Exercise requirements: Return exactly the span of lines in the following data that opens with the line containing "New York Mart" and closes with the line containing "アンティークレース　dentelle ancienne　首周り .FR". Include nothing else.

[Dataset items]
• • • • •
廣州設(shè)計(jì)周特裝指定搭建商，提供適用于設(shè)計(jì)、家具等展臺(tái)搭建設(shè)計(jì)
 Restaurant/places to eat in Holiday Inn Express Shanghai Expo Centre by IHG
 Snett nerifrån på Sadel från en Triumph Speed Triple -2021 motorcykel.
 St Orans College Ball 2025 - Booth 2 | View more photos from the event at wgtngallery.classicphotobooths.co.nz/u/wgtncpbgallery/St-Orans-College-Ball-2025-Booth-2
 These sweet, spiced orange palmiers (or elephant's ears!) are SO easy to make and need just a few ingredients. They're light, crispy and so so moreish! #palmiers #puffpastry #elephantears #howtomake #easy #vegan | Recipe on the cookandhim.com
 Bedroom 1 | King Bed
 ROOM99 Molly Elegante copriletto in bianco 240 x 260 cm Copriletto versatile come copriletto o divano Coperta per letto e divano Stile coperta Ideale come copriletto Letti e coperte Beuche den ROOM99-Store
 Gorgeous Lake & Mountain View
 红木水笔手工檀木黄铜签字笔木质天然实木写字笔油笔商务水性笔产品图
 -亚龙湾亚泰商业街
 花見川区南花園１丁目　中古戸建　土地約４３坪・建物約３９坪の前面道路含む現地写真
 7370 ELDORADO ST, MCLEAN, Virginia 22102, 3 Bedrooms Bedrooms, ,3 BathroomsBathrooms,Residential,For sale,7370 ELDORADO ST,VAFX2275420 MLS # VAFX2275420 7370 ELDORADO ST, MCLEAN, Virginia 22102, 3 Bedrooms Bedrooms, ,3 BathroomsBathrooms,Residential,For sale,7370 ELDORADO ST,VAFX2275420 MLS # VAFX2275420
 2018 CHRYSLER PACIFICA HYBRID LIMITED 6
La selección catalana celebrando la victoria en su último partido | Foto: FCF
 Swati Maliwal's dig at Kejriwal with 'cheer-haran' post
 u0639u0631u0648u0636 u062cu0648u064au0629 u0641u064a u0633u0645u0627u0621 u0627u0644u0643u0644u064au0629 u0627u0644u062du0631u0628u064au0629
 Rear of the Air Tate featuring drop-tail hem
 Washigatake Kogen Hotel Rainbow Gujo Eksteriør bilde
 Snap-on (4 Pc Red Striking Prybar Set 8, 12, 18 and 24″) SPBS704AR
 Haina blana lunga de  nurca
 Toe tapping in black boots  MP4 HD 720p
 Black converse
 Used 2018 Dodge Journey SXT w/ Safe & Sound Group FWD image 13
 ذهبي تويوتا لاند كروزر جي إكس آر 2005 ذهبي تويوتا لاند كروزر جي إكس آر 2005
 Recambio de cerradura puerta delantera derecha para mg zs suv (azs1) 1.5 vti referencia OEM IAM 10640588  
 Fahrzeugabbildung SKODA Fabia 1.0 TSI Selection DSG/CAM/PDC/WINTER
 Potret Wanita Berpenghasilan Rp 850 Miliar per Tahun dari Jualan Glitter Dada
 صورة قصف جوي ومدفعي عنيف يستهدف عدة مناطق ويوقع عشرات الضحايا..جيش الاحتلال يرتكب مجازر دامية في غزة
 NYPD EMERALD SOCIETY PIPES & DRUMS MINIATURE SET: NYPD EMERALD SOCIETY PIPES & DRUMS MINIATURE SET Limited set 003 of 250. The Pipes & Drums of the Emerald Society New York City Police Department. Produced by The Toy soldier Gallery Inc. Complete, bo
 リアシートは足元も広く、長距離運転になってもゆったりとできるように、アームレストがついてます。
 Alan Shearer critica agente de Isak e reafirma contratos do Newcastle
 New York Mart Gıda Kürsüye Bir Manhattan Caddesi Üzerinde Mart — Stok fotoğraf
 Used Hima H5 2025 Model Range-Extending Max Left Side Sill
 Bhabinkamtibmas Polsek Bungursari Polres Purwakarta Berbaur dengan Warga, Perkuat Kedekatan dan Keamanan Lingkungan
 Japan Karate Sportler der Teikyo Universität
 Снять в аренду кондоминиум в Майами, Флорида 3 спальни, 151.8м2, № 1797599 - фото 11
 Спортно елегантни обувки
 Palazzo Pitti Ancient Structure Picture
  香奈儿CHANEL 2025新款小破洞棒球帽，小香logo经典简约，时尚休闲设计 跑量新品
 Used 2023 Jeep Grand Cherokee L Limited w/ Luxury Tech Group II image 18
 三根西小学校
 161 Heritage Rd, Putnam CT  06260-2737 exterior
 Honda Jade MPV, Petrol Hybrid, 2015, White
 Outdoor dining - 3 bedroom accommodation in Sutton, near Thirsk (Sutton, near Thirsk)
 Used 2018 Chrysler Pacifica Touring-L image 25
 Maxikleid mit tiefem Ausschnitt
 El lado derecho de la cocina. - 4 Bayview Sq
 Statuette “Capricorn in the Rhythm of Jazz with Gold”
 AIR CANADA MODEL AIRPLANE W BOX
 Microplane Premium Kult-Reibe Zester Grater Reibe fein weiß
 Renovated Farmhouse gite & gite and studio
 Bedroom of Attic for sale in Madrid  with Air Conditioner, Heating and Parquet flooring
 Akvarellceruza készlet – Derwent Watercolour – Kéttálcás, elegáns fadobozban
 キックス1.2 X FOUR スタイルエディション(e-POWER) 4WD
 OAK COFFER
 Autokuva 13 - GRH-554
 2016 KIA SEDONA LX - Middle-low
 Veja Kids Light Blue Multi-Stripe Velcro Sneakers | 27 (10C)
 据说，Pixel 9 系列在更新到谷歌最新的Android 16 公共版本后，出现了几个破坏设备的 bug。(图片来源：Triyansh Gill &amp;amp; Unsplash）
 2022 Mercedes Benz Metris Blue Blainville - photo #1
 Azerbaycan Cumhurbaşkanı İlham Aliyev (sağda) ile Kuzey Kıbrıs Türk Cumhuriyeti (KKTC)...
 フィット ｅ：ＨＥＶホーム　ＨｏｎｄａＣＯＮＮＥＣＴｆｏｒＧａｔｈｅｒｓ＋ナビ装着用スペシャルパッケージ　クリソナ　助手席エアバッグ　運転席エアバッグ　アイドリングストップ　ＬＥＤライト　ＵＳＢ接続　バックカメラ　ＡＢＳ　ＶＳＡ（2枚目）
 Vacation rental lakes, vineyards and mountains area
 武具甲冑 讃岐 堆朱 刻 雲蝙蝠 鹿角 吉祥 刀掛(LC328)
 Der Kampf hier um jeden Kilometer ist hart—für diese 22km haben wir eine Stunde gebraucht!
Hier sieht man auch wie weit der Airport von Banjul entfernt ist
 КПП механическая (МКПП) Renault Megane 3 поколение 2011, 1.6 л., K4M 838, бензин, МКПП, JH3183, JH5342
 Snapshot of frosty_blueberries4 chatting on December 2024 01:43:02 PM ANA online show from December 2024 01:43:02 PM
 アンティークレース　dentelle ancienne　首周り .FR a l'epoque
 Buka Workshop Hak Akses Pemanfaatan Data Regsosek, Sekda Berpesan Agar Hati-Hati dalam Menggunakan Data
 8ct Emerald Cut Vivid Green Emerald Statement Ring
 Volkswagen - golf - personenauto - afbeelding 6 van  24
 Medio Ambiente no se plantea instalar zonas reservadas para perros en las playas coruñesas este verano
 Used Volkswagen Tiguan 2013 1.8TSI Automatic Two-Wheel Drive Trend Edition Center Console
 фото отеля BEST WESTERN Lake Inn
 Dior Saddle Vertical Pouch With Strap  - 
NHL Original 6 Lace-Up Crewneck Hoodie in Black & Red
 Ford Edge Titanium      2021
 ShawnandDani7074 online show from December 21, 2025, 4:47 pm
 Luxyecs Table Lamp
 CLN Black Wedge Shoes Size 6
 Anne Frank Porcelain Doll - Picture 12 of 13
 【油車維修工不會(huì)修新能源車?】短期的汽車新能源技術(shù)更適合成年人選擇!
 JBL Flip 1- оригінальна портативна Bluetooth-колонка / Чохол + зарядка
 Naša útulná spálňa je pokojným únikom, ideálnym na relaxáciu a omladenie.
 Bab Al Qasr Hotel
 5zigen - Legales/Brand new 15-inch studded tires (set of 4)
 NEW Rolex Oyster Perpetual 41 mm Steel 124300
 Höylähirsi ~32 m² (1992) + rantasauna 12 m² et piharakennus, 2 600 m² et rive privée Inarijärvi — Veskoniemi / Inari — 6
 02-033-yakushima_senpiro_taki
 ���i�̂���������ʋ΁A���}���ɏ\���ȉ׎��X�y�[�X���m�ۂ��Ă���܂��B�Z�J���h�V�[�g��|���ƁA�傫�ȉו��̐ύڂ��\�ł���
• • • • •
Response:
 New York Mart Gıda Kürsüye Bir Manhattan Caddesi Üzerinde Mart — Stok fotoğraf
 Used Hima H5 2025 Model Range-Extending Max Left Side Sill
 Bhabinkamtibmas Polsek Bungursari Polres Purwakarta Berbaur dengan Warga, Perkuat Kedekatan dan Keamanan Lingkungan
 Japan Karate Sportler der Teikyo Universität
 Снять в аренду кондоминиум в Майами, Флорида 3 спальни, 151.8м2, № 1797599 - фото 11
 Спортно елегантни обувки
 Palazzo Pitti Ancient Structure Picture
  香奈儿CHANEL 2025新款小破洞棒球帽，小香logo经典简约，时尚休闲设计 跑量新品
 Used 2023 Jeep Grand Cherokee L Limited w/ Luxury Tech Group II image 18
 三根西小学校
 161 Heritage Rd, Putnam CT  06260-2737 exterior
 Honda Jade MPV, Petrol Hybrid, 2015, White
 Outdoor dining - 3 bedroom accommodation in Sutton, near Thirsk (Sutton, near Thirsk)
 Used 2018 Chrysler Pacifica Touring-L image 25
 Maxikleid mit tiefem Ausschnitt
 El lado derecho de la cocina. - 4 Bayview Sq
 Statuette “Capricorn in the Rhythm of Jazz with Gold”
 AIR CANADA MODEL AIRPLANE W BOX
 Microplane Premium Kult-Reibe Zester Grater Reibe fein weiß
 Renovated Farmhouse gite & gite and studio
 Bedroom of Attic for sale in Madrid  with Air Conditioner, Heating and Parquet flooring
 Akvarellceruza készlet – Derwent Watercolour – Kéttálcás, elegáns fadobozban
 キックス1.2 X FOUR スタイルエディション(e-POWER) 4WD
 OAK COFFER
 Autokuva 13 - GRH-554
 2016 KIA SEDONA LX - Middle-low
 Veja Kids Light Blue Multi-Stripe Velcro Sneakers | 27 (10C)
 据说，Pixel 9 系列在更新到谷歌最新的Android 16 公共版本后，出现了几个破坏设备的 bug。(图片来源：Triyansh Gill &amp;amp; Unsplash）
 2022 Mercedes Benz Metris Blue Blainville - photo #1
 Azerbaycan Cumhurbaşkanı İlham Aliyev (sağda) ile Kuzey Kıbrıs Türk Cumhuriyeti (KKTC)...
 フィット ｅ：ＨＥＶホーム　ＨｏｎｄａＣＯＮＮＥＣＴｆｏｒＧａｔｈｅｒｓ＋ナビ装着用スペシャルパッケージ　クリソナ　助手席エアバッグ　運転席エアバッグ　アイドリングストップ　ＬＥＤライト　ＵＳＢ接続　バックカメラ　ＡＢＳ　ＶＳＡ（2枚目）
 Vacation rental lakes, vineyards and mountains area
 武具甲冑 讃岐 堆朱 刻 雲蝙蝠 鹿角 吉祥 刀掛(LC328)
 Der Kampf hier um jeden Kilometer ist hart—für diese 22km haben wir eine Stunde gebraucht!
Hier sieht man auch wie weit der Airport von Banjul entfernt ist
 КПП механическая (МКПП) Renault Megane 3 поколение 2011, 1.6 л., K4M 838, бензин, МКПП, JH3183, JH5342
 Snapshot of frosty_blueberries4 chatting on December 2024 01:43:02 PM ANA online show from December 2024 01:43:02 PM
 アンティークレース　dentelle ancienne　首周り .FR a l'epoque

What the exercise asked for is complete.